2 thoughts on “I’ve never liked guns

  1. In real life, when I’m not blogging, I teach PreK, and Friday was our last day of school until January. I got a text from my husband about the shooting and a few people who follow the blog and don’t live in the States asked if I was okay. The shooting brought a lot of things to mind for me.

    There are serious discussions that we need to have in this country. To me, the real issue in this tragedy is not gun control as much as it is about mental illness and how we treat it. Why is it so easy to get a gun and so difficult to get mental health treatment? Why do we still place such stigma on mental illness? Right now, there is virtually no help for the mentally ill. Is incarceration really what we want to do with people who need help like this? There’s no help at all to be had unless you get someone arrested. So, we send them all to be incarcerated together so they can trade notes and hone their ideas?

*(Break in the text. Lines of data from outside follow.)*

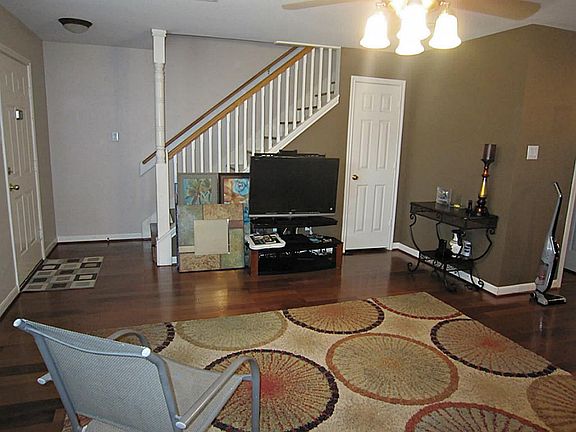 2nd image of 11899 Algonquin Dr #8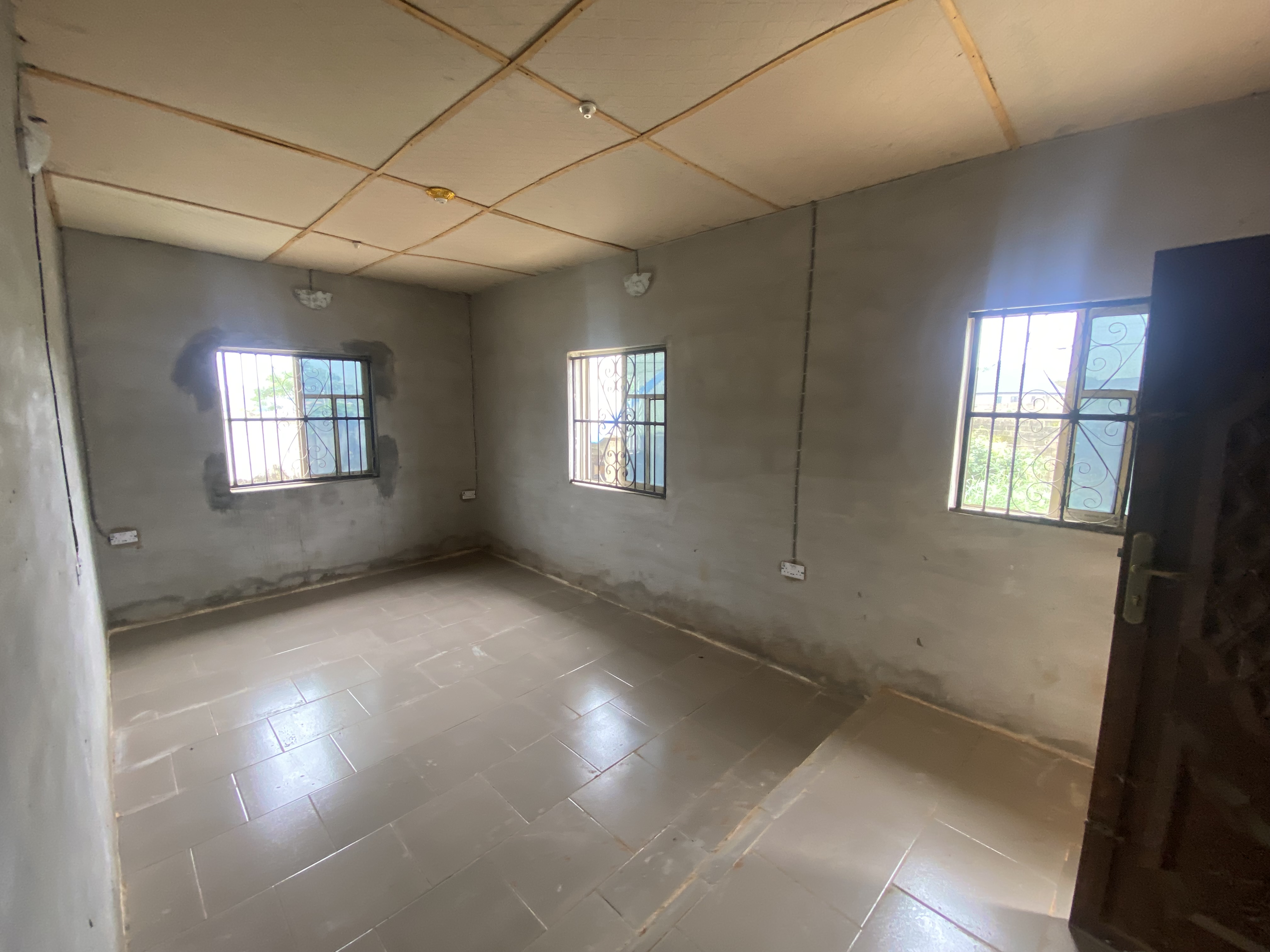 Two Bedroom Flat with Personal Toilet in Each Room in Araromi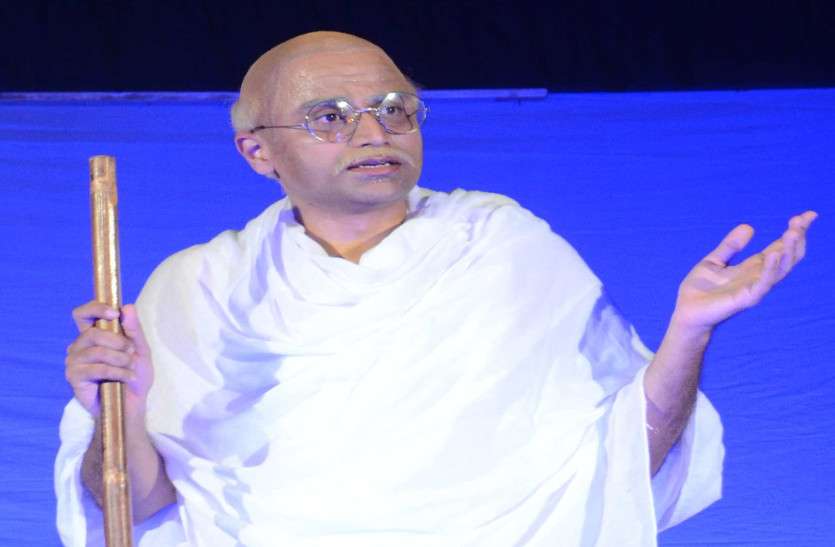 Gandhi told that there is no need of arms against Government गांधी ने बताया कि सत्ता के सामने हथियार उठाने की जरूरत नहीं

    I also have to wonder why we continue to glorify violence as a society and sacrifice children’s innocence. I remember a time when parents hired a baby sitter to watch their kids so they could go out and watch a grown up movie instead of bringing their kids along in their pajamas. We’ve let violence pervade just about every aspect of our lives — TV, movies, music, video games and many other things that we don’t even pause to think about any more. A lot of kids don’t even realize that death is a permanent condition anymore and that people don’t get up and hit the reset button. We worship sports heroes who do the wrong thing much more often than the right thing anymore. Everyone wants to pass the buck on what’s wrong, but at some point, we each have to stand up, turn it off and go out and do something else.

    Sheesh! I sound so preachy and long-winded. I guess it’s just that this subject has been on my mind a lot in the past few years, and this tragedy brings it all to the forefront. I hope that this ends up leading to some changes and that the lives lost on Friday aren’t in vain. To me, that would be an even bigger tragedy.

  2. I agree with you,there were 35 murders in the whole country of England this year and more than that in one neighborhood in America absolutly no reason for it.Guns are sold like candy on every corner in America. Why?Someone give me a sensiable reason.